(台北中央社)台湾の警察官1人と元警察官1人が先月24日、旅行先の中国福建省で当局に連行され、6時間にわたって取り調べを受けたことが分かった。台湾で対中政策を担当する大陸委員会によると、2人は台湾に戻ってから所属機関に報告しないよう口止めされていた。
同委員会の梁文傑(りょうぶんけつ)副主任委員(副大臣)兼報道官が16日の会見で明らかにした。2人は宿泊していた民宿から別の場所に連行され、取り調べを受けた。

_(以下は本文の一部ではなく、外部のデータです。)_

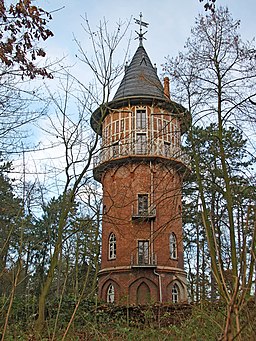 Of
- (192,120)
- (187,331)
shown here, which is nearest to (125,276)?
(192,120)

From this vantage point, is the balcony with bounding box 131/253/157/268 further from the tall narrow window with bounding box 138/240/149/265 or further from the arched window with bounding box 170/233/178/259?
the arched window with bounding box 170/233/178/259

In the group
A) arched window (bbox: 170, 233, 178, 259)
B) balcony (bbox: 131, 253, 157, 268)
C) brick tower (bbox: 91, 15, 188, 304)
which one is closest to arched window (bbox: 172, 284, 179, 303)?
brick tower (bbox: 91, 15, 188, 304)

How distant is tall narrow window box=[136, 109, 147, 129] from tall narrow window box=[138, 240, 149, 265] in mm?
6786

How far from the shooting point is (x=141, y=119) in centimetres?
2467

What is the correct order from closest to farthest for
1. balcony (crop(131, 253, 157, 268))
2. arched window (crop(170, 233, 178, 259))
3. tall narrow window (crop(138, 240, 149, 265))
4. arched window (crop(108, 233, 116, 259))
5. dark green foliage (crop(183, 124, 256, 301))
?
1. dark green foliage (crop(183, 124, 256, 301))
2. balcony (crop(131, 253, 157, 268))
3. tall narrow window (crop(138, 240, 149, 265))
4. arched window (crop(170, 233, 178, 259))
5. arched window (crop(108, 233, 116, 259))

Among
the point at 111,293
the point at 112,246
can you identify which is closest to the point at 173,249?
the point at 112,246

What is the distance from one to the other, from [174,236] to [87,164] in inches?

同委員会が18日に発表した報道資料によれば、現役の警察官は交通分隊で小隊長を務めており、元警察官は退職前、内政部警政署(警察庁)保安警察に所属していた。当日は午前11時過ぎに民宿にチェックインした直後、情報機関の職員6~7人に連行された。取り調べは午後5時過ぎまで続いた。
同委員会は、台湾の警察関係者などが中国を旅行中に拘束され、取り調べを受けた事例は複数あると説明。最近では法務部(法務省)調査局や内政部(内務省)移民署、同部警政署、海洋委員会海巡署(海上保安庁に相当)といった機関の職員が、実際にこうした事案を経験し政府に報告しているとした。
また、一部メディアが取り調べについて「違法行為を行ったため受けた」との考えを末端の警察官の声として報じたことについて、中国で対台湾政策を担当する国務院台湾事務弁公室(国台弁)の「違法行為や犯罪に関与しなければ平穏無事でいられる」とする主張と一致していると強調。中国共産党のイメージ回復に手を貸していることになると指摘した。